Requirement. In the records below, find the line that holds "Dual Swing Gate". Restate it and every later line exactly, stopping at the end and skipping pictures.

Records supplied.
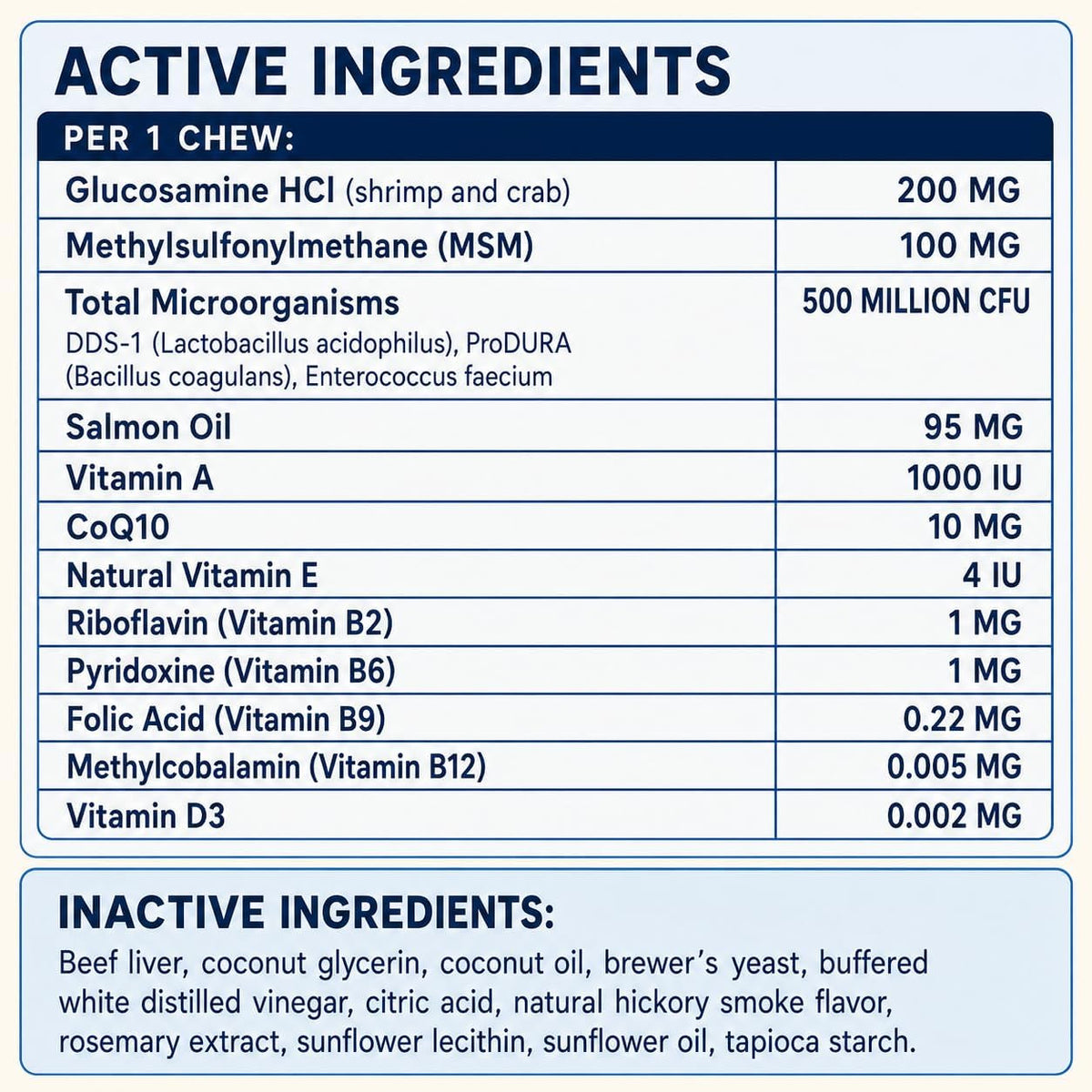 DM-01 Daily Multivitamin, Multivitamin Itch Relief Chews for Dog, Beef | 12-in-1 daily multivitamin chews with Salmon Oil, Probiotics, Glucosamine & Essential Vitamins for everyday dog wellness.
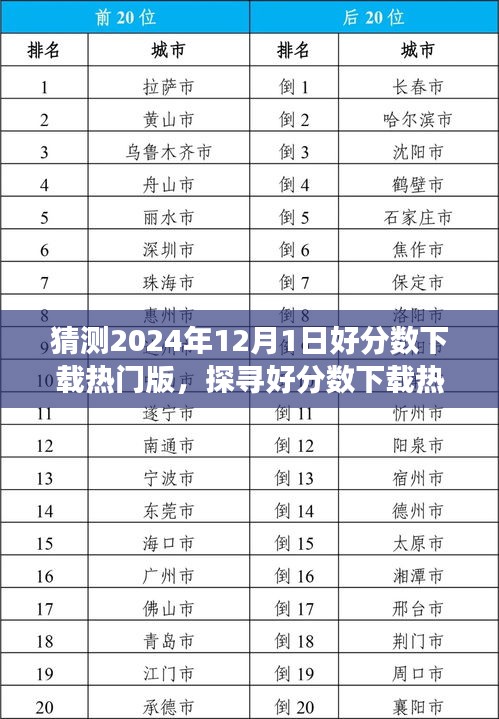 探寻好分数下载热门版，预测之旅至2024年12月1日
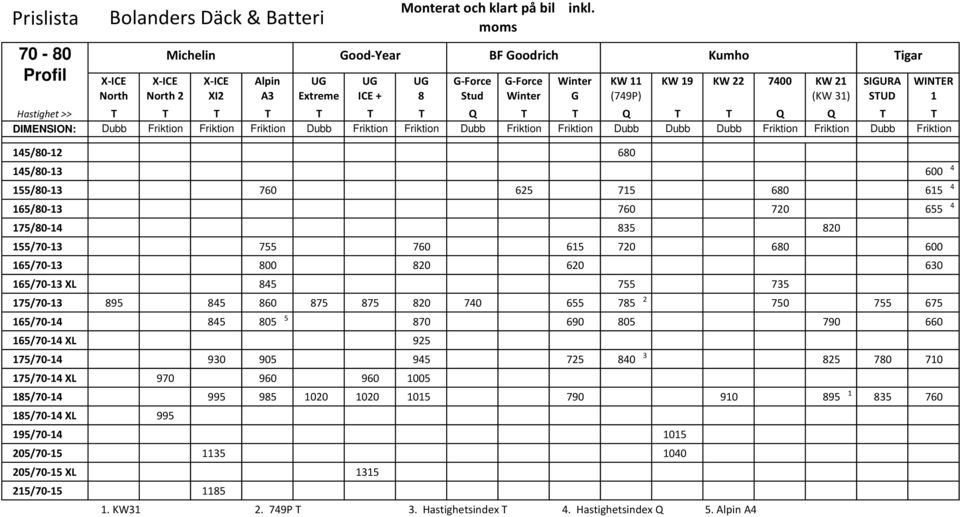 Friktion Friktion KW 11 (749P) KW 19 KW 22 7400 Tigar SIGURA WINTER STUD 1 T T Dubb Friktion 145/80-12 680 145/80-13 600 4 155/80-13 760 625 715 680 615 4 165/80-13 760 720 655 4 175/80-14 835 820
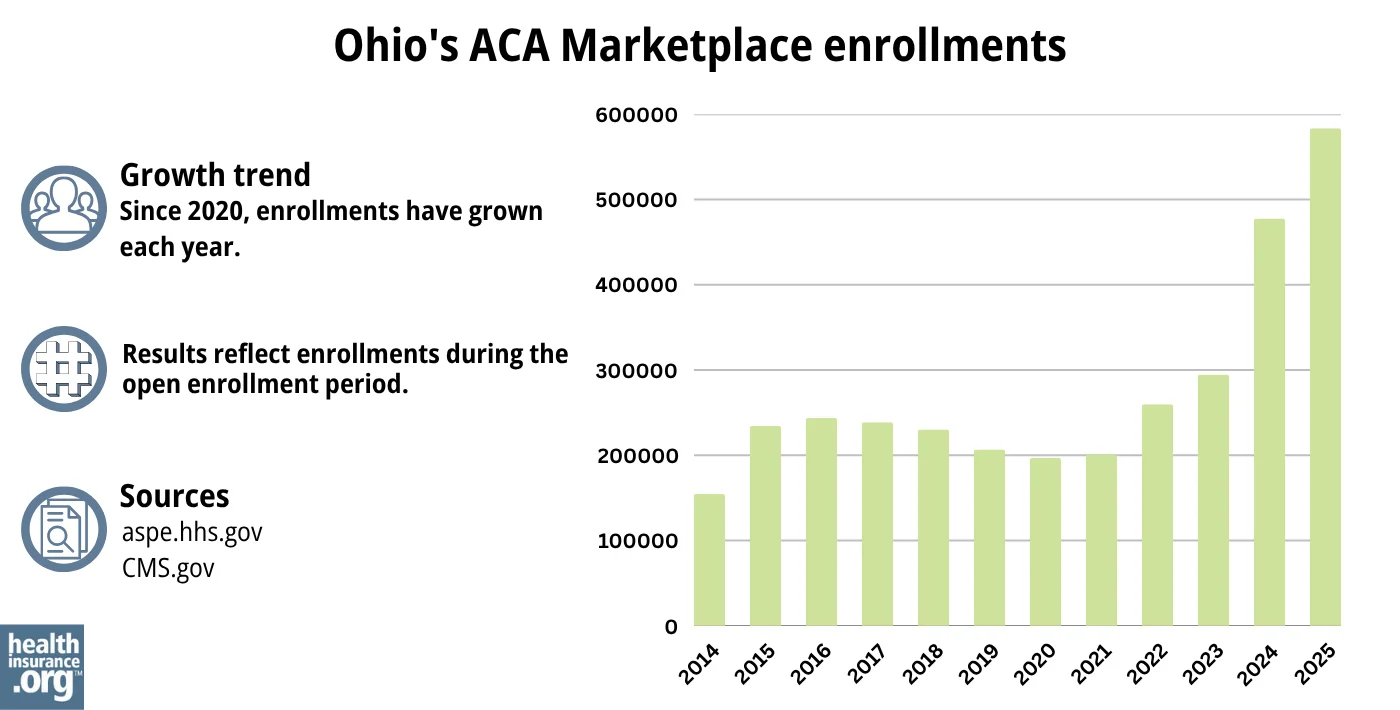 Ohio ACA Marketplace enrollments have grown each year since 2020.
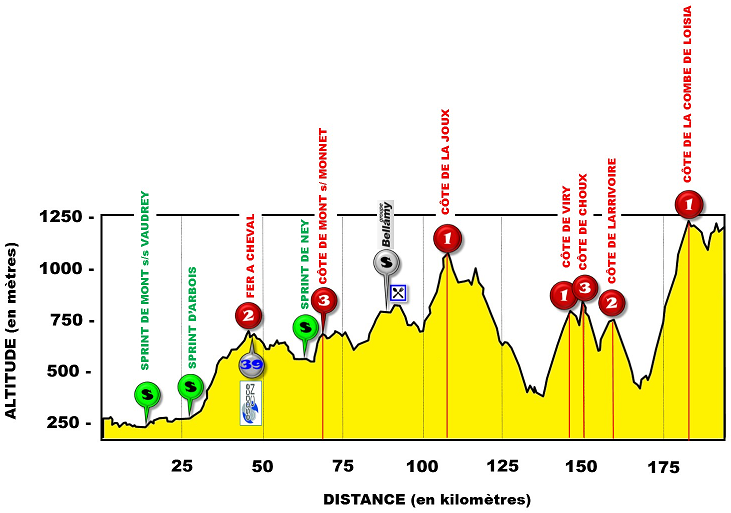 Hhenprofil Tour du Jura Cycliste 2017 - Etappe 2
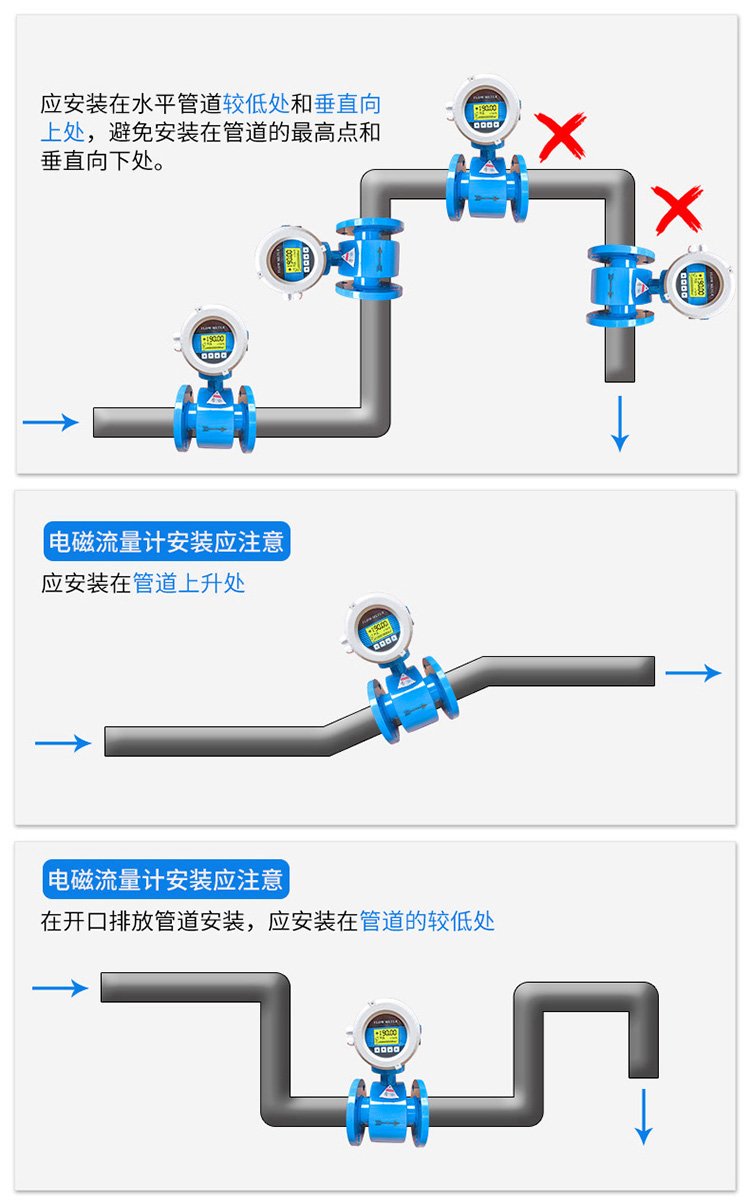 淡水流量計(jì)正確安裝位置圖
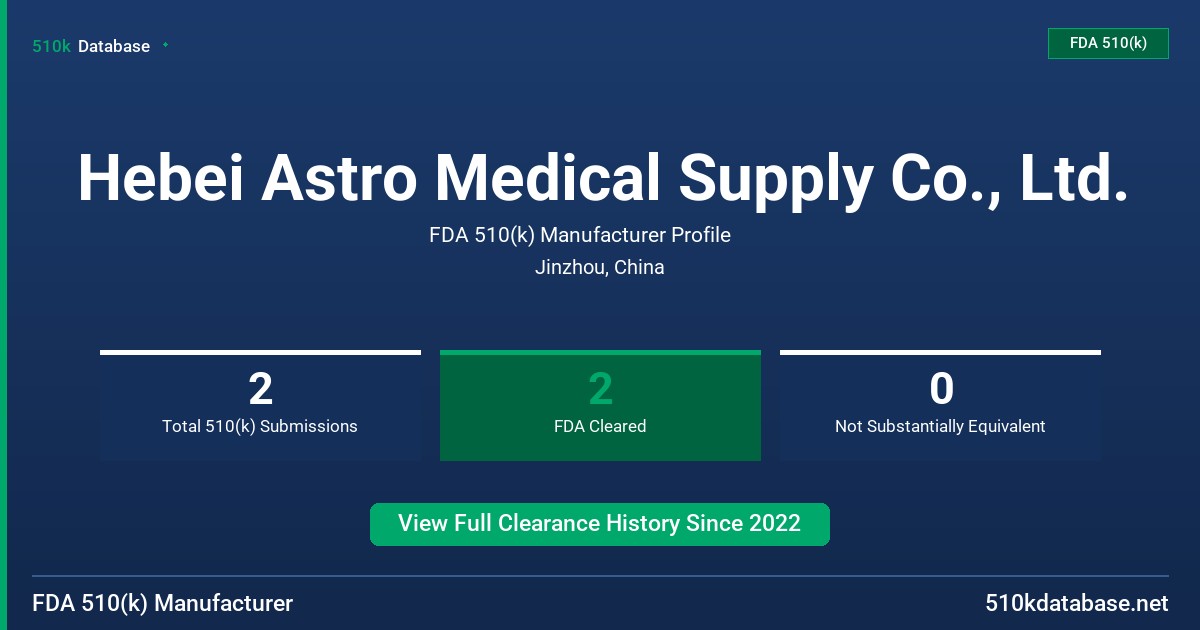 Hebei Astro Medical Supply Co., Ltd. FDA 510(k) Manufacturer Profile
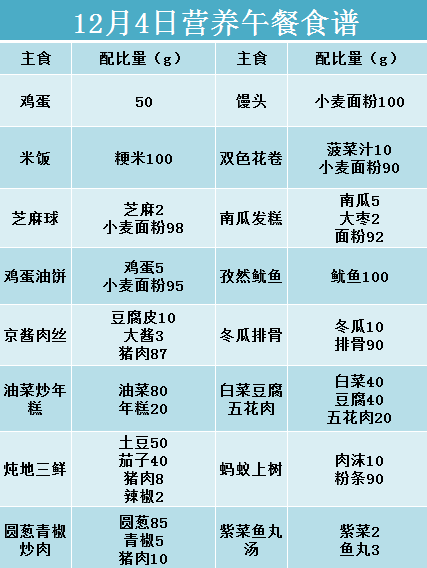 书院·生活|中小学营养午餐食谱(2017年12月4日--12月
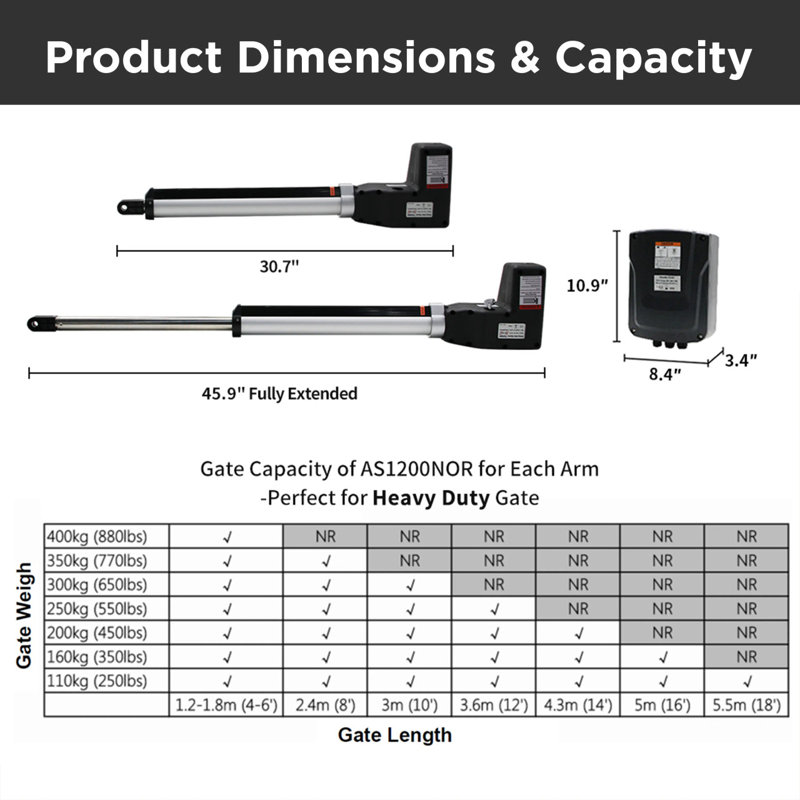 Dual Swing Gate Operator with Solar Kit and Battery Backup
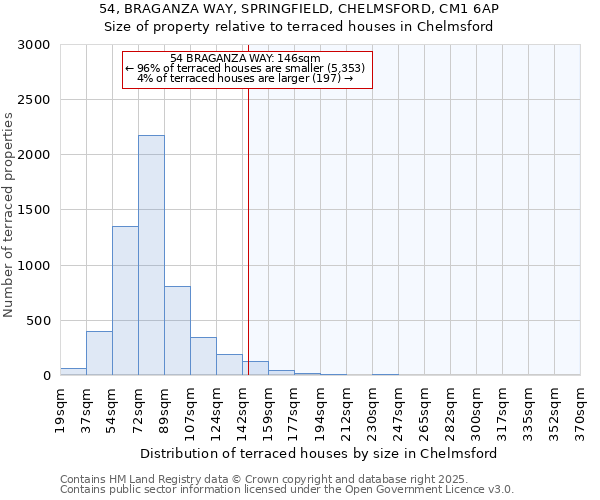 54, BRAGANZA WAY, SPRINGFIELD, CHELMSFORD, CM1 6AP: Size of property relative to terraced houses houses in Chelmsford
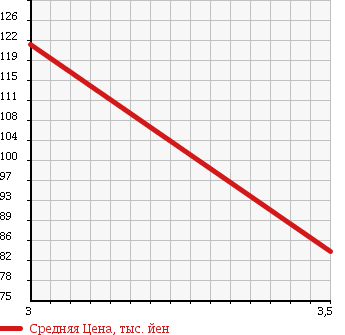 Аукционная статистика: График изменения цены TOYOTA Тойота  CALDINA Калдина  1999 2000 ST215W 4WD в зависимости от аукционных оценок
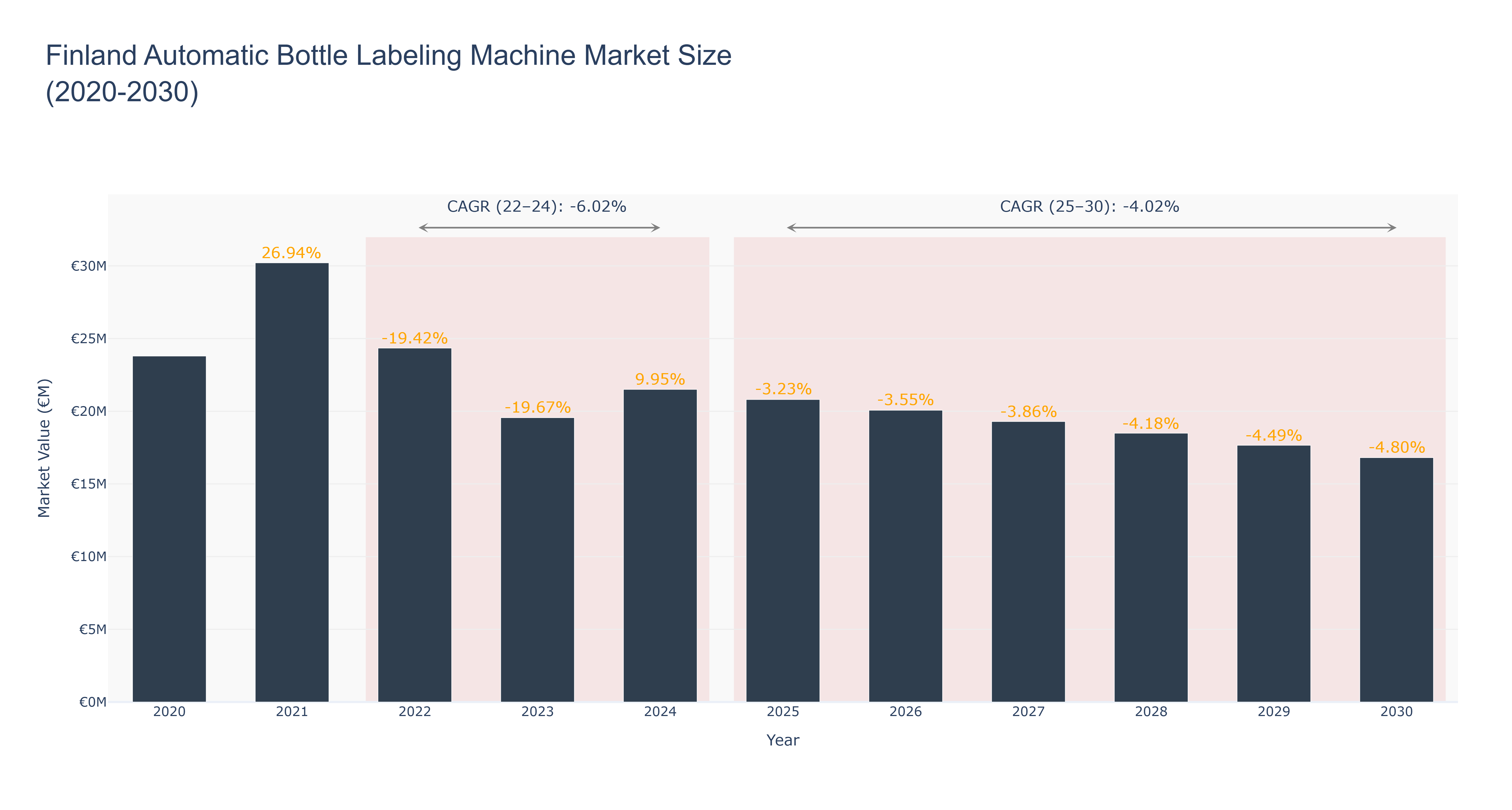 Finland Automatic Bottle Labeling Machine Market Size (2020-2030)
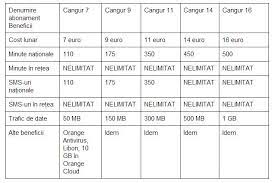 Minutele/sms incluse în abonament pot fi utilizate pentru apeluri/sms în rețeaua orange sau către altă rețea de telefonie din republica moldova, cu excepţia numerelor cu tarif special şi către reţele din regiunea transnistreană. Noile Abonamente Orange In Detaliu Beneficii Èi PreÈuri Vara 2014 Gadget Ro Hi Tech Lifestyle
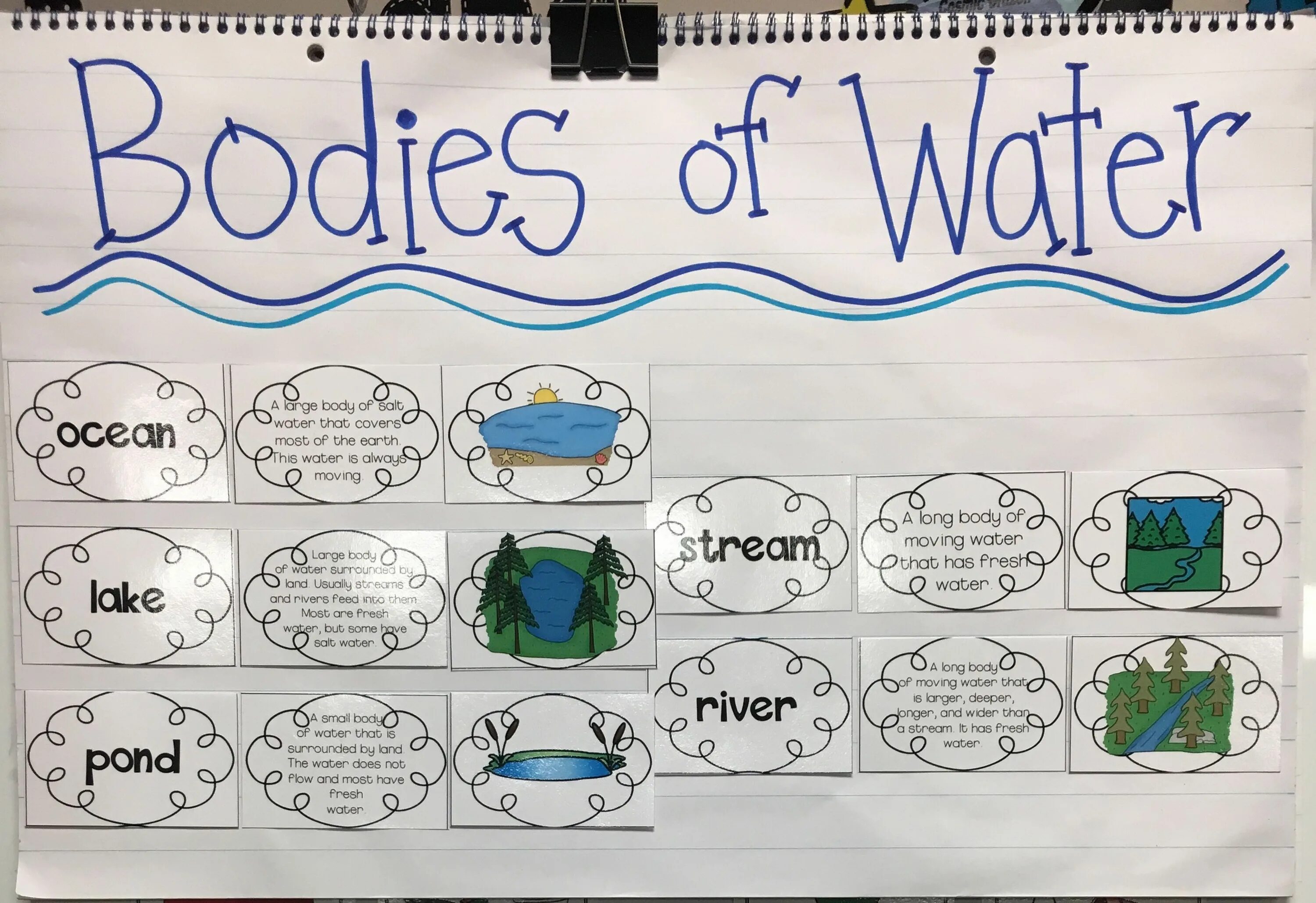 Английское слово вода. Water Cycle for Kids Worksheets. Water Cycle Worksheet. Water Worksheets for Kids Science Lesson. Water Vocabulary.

Task answer.
 Dual Swing Gate Operator with Solar Kit and Battery Backup
 54, BRAGANZA WAY, SPRINGFIELD, CHELMSFORD, CM1 6AP: Size of property relative to terraced houses houses in Chelmsford
 Аукционная статистика: График изменения цены TOYOTA Тойота  CALDINA Калдина  1999 2000 ST215W 4WD в зависимости от аукционных оценок
 Finland Automatic Bottle Labeling Machine Market Size (2020-2030)
 Minutele/sms incluse în abonament pot fi utilizate pentru apeluri/sms în rețeaua orange sau către altă rețea de telefonie din republica moldova, cu excepţia numerelor cu tarif special şi către reţele din regiunea transnistreană. Noile Abonamente Orange In Detaliu Beneficii Èi PreÈuri Vara 2014 Gadget Ro Hi Tech Lifestyle
 Английское слово вода. Water Cycle for Kids Worksheets. Water Cycle Worksheet. Water Worksheets for Kids Science Lesson. Water Vocabulary.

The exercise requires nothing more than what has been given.